Blick von der Hungerburg, 1920-1930
Blick von der Hungerburg, 1920-1930

Schöne und schlimme Geschichten

Der „Seehof“ z. B. war einmal als Gasthof geplant, 1912 wurde er eröffnet, unmittelbar vor dem ehemaligen Spörr’schen Steinbruch, wo man einen kleinen Badesee anlegen konnte, der von einem Wasserfall gespeist wurde; dahinter baute man noch einen Aussichtsturm, eine Ruine, die von allem Anfang an aussah, als stünde sie da schon seit dem Mittelalter, und die ohne weiteres nur mit einem Boot erreichbar war: Die Brüder Karl und Franz Schwärzler, die diese Anlage errichtet haben, hatten Visionen. Allerdings, bald darauf kam der Große Krieg, die Illusionen sind schnell zerplatzt.

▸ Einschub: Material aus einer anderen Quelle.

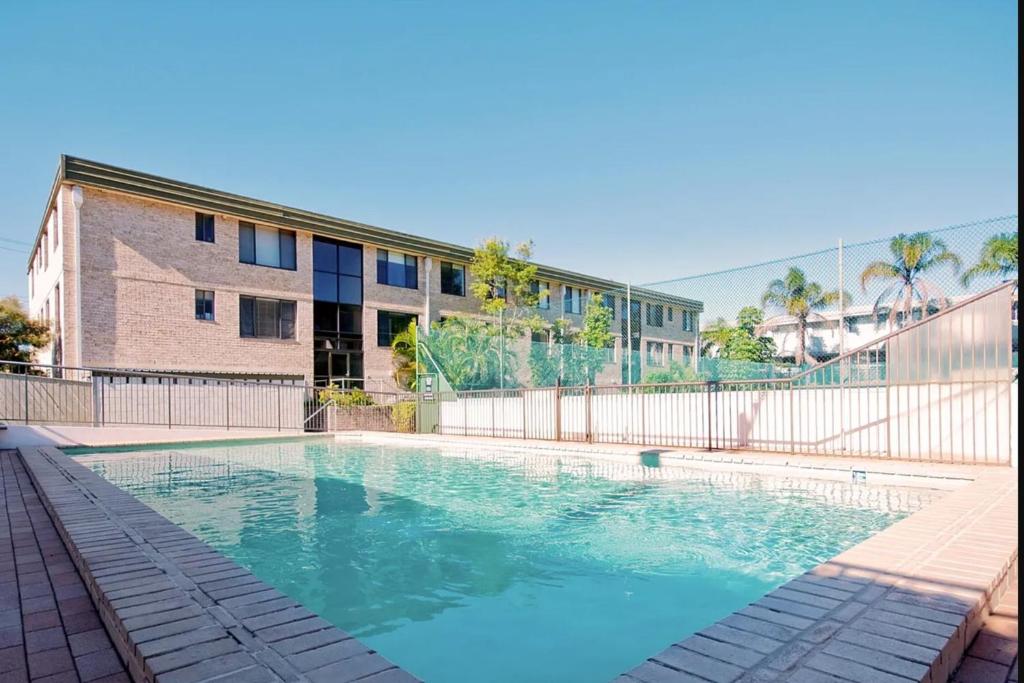 a swimming pool in front of a building at The Dunes 17 38 Marine Drive fabulous unit with pool tennis court in Fingal Bay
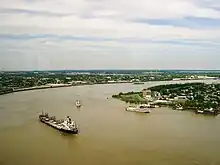 un large fleuve ocre, quelques gros bateaux. Sur les rives se déploie une ville verdoyante.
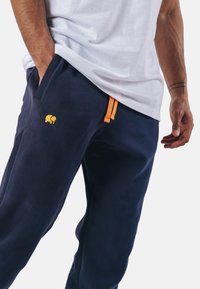 Námořnické tepláky s oranžovou šňůrkou, na stehně s malým žlutým logem slona, vyrobené z měkkého materiálu s hladkou texturou.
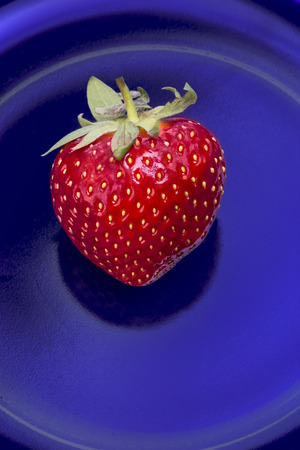 Red strawberry on a blue glass background.の写真素材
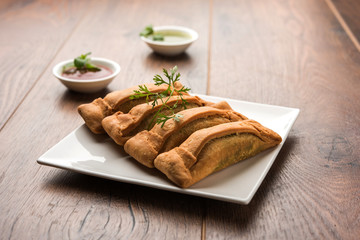 Sambar Vadi or Coriander pakora with ketchup and mint chutney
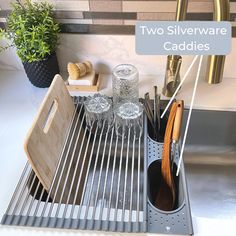 two silverware caddies sitting on top of a sink next to a wooden cutting board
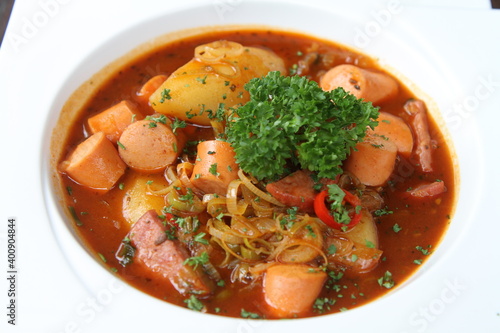 Potato goulash with sausages and bacon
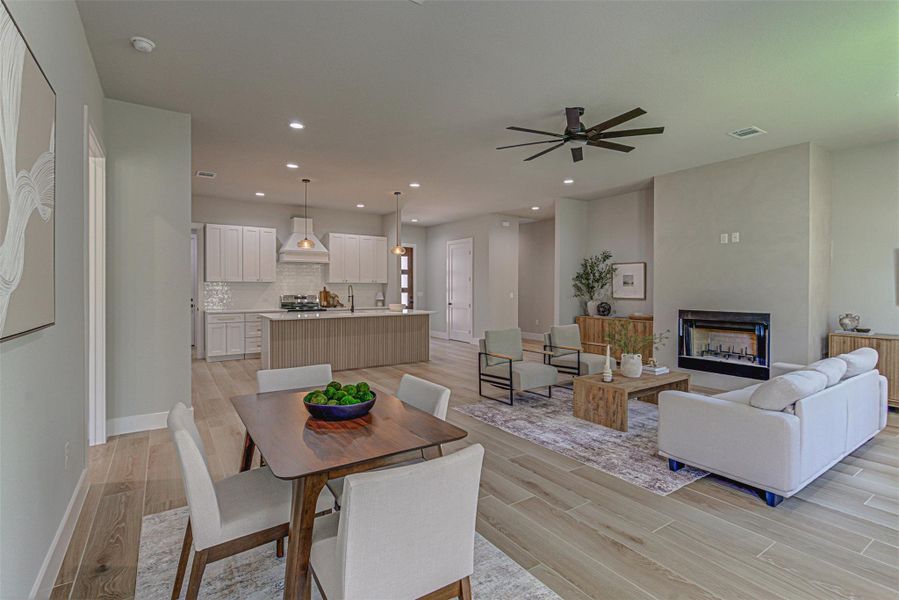 Dining room featuring light wood-style floors, a fireplace, ceiling fan, recessed lighting, and baseboards
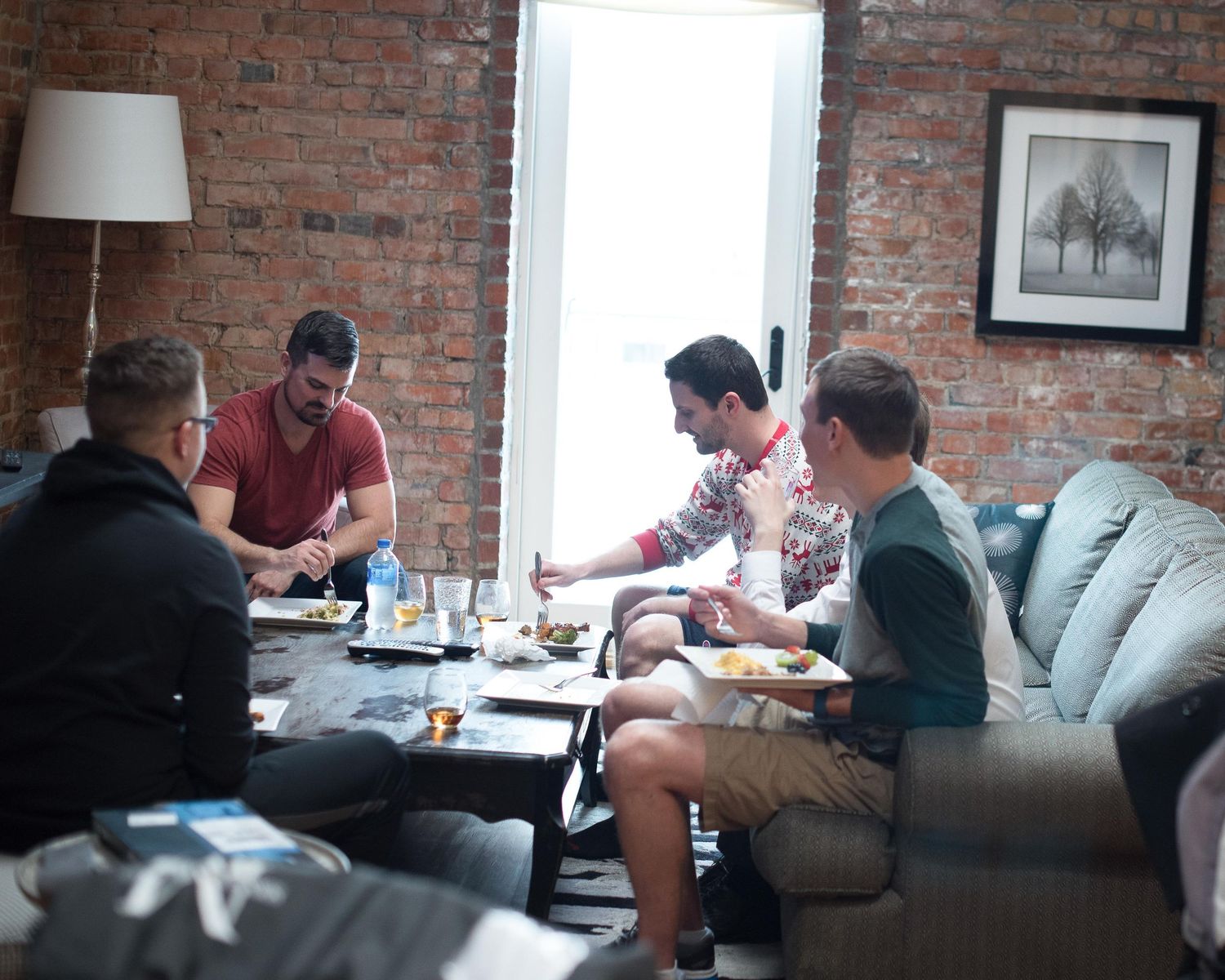 Four men sharing a meal around a coffee table in a cozy brick-walled living room with natural light.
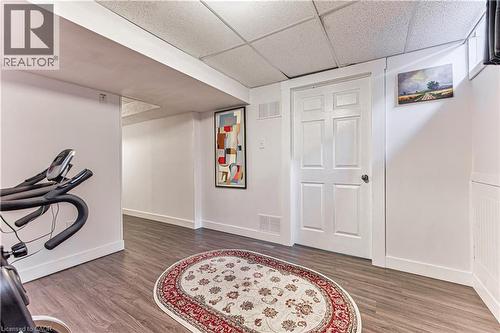 Finished basement area featuring wood-finish flooring, white walls, and a white paneled door - 4057 Donnic Drive, Burlington, ON - Indoor Photo Showing Other Room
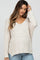 woman wearing a light beige loose knit maternity sweater with a v-neck and long sleeves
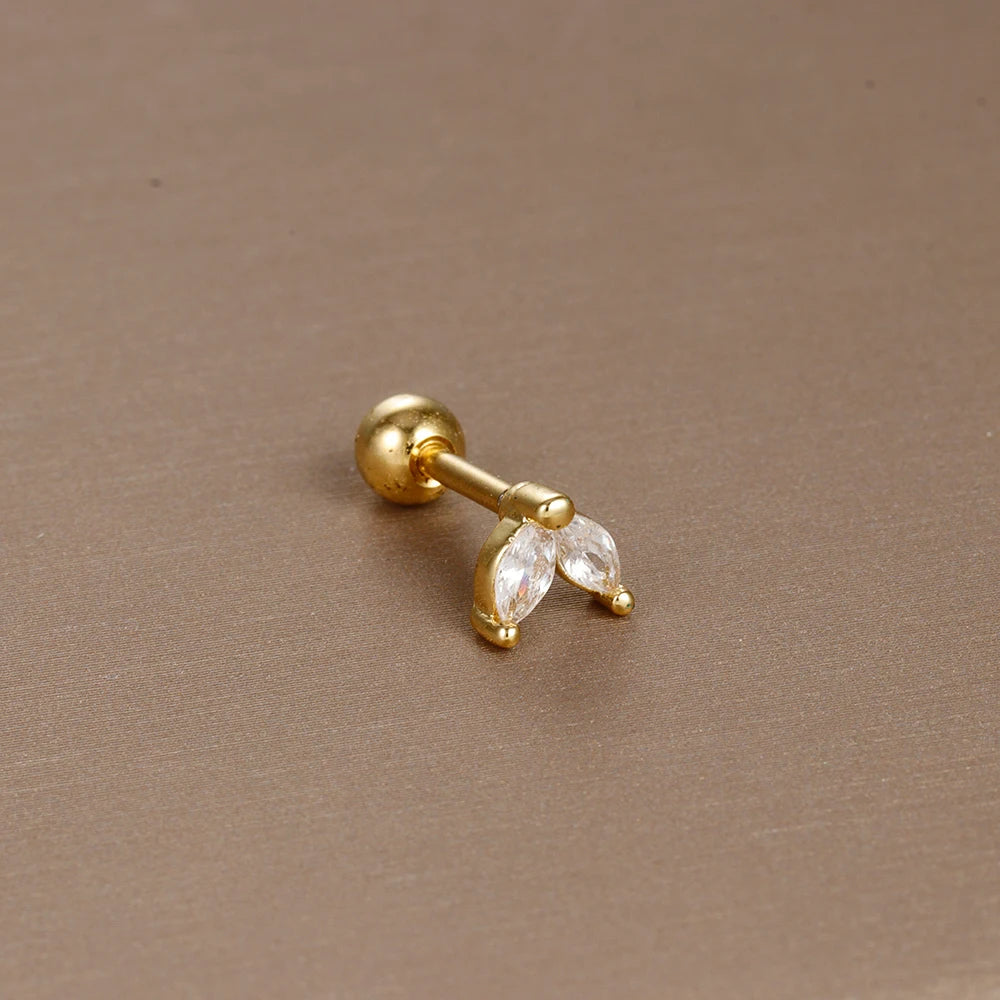 Détail d'un piercing d'oreille anneau ouvert orné de zircons, en acier chirurgical doré, Maison Mercier.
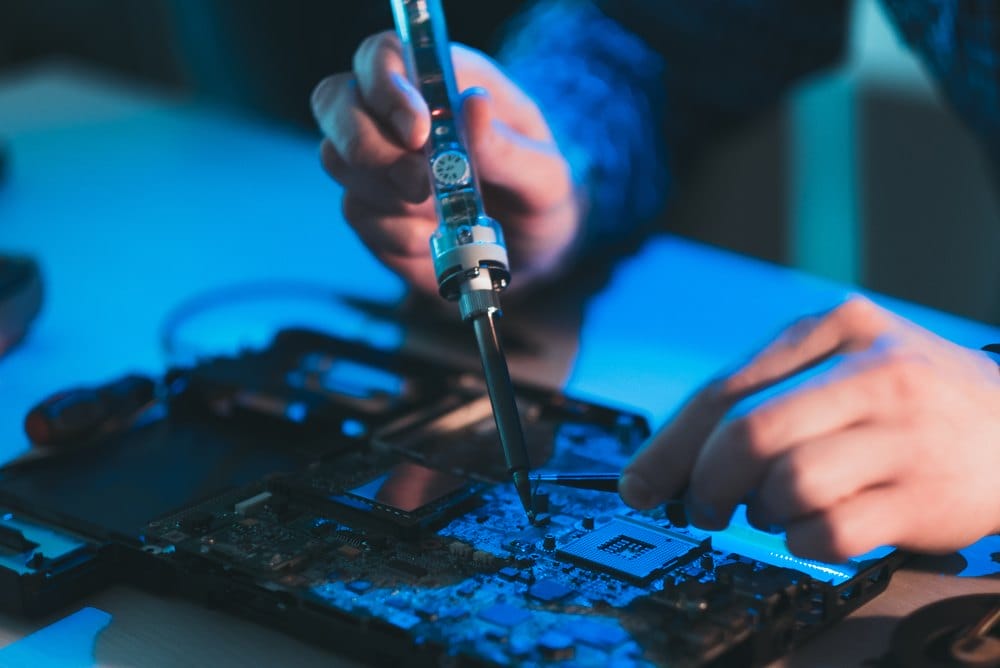 Technician soldering a component on an electronic circuit board during repair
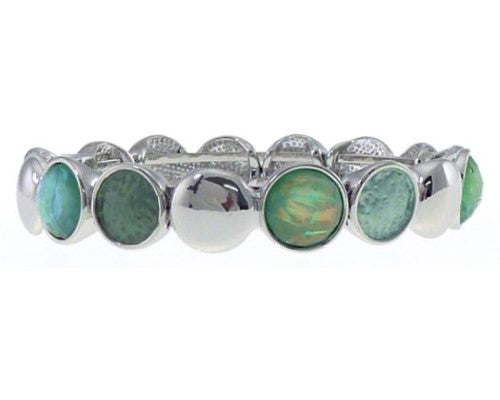 Silver bracelet with dark and light green circles, featuring a modern magnet fastening, ideal for any occasion.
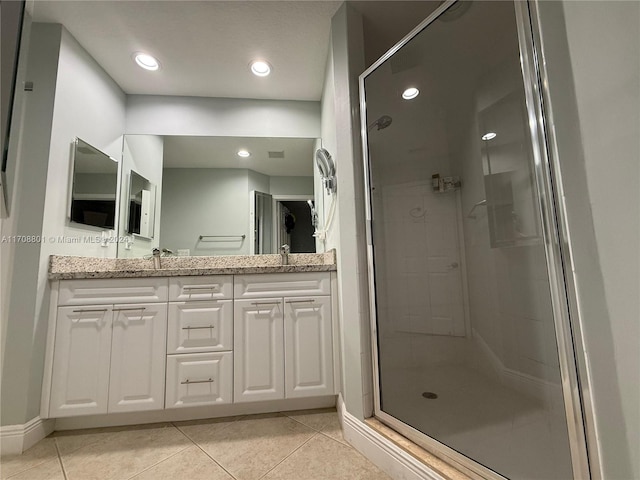 bathroom featuring tile patterned flooring, vanity, and walk in shower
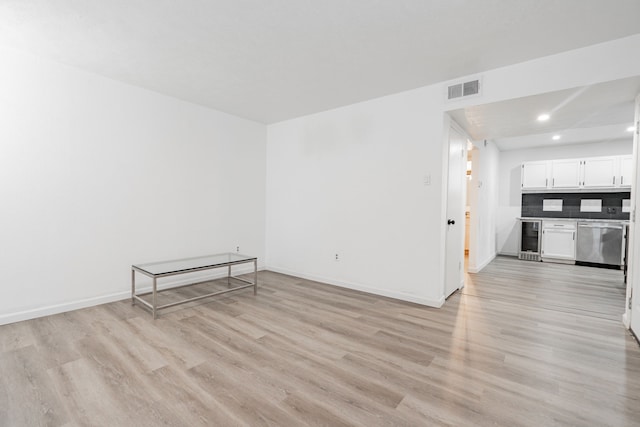 spare room with wine cooler and light hardwood / wood-style flooring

Der Innsbrucker Tourismuspionier Sebastian Kandler (1863–1928) versuchte schon seit der Jahrhundertwende, die Hungerburg zu einem Sommerfrische-Zentrum auszubauen. Seit 1904 wurde das Gebiet als  künftiger Kurort vorgestellt. Villen, Landhäuser, Parkanlagen sollten hier entstehen, Einheimische und Gäste sollten sich gleichermaßen in diesem von der Natur so sehr bevorzugten Gelände wohlfühlen. Mit der Eröffnung der Hungerburgbahn und mit dem von Kandler betriebenen Ausbau des nunmehr von ihm übernommenen Hotels Mariabrunn sollte die Besiedlung des gesamten Landstrichs raschestens erfolgen. Kandler errichtete noch etliche Gebäude, ständig hart mit Gewinn und Konkurs kämpfend; sein großes Vorbild war St. Moritz. Im Ersten Weltkrieg allerdings brach auch sein Imperium zusammen. Das Ende aller Visionen? Manche träumen von einem Haus, wie die Tante Midi es zu ihrer Zeit geführt hat.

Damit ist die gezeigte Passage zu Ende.